A datacenter /
by scroll.
One VM per workspace. Containers inside. A four-state lifecycle, a handful of verbs, and one Postgres to hold it all — the control plane, at a glance.
Workspaces & Lifecycle.
Each workspace is one VM. Applications live inside it as gVisor containers. Four persistent states, four transient markers — and no payment_failed to be seen.
Four sizes, arbitrary headroom.
A flavor defines the VM's resource envelope. App count is a marketing approximation — not a contract. Sizing: 1 GB floor + apps × observed footprint + build headroom.
Trial isn't a flavor — it's a Hobby VM with upstream metadata. maxDeploys is a safety valve, not a sold quantity. Ceilings: Hobby 500 · Pro 1000 · Team 2000.
active → suspended → archived → deleted.
Four persistent states; four transient markers — suspending, archiving, restoring, deleting. active covers everything running — trialing, paying, overdue-in-grace. Infra is blind to payment_failed.

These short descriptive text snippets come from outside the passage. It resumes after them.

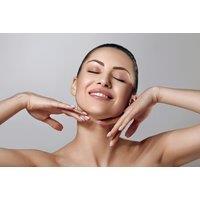 Profhilo Injectable Skin Treatment at Dr B Aesthetics, Cambridge - Consultation Included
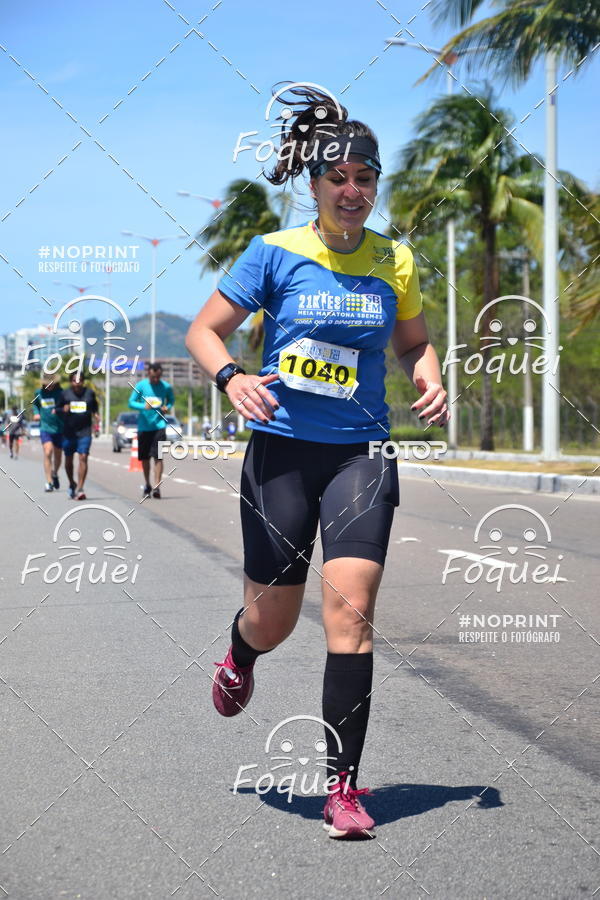 Buy your photos of the event21KES - MEIA MARATONA DO ESPRITO SANTO on Fotop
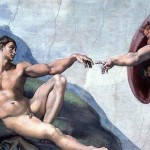 Creazione-di-Adamo_Stamperia-Regionale-Braille_Polo-Tattile-Multimediale-Catania-Italia
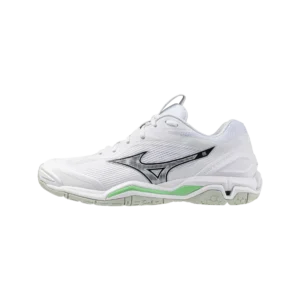 mizuno-wave-stealth-6-handball-amp-unihockey-white-black-frozen-emerald-1-1 Mizuno wave stealth 6 handball amp unihockey white black frozen emerald 1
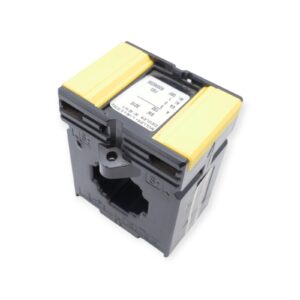 Müller Ziegler SW 3010 Stromwandler 50-60 Hz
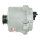 AS-PL A2074S Generator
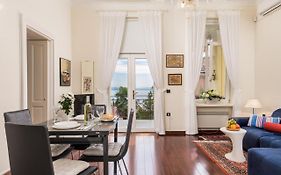 Apartment Adrija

| state | vm | local disk | snapshot | url response |
|---|---|---|---|---|
| active | running | attached | periodic 24h | openberth serves |
| suspended | powered off | retained | last periodic | edge: suspended page |
| archived | destroyed | wiped | fresh, object storage | edge: archived page |
| deleted | gone | gone | purged | 404 / tombstone |
Same request_id, same outcome.
All transitions accept a client-supplied request_id — same id, same outcome, no duplicate work. Conflicting in-flight transitions return 409. We do not queue, cancel-forward, or auto-retry.
Archive is minutes, not instant.
Durations are published so the frontpage can size its policy timers realistically. The bars below are log-scaled against a 30-minute ceiling.
Default snapshot cadence. Incremental, backed by a periodic full. Retention N matches the archive window; enterprise may opt into tighter cadence. RPO promise: up to 24 hours of data loss on host failure during active.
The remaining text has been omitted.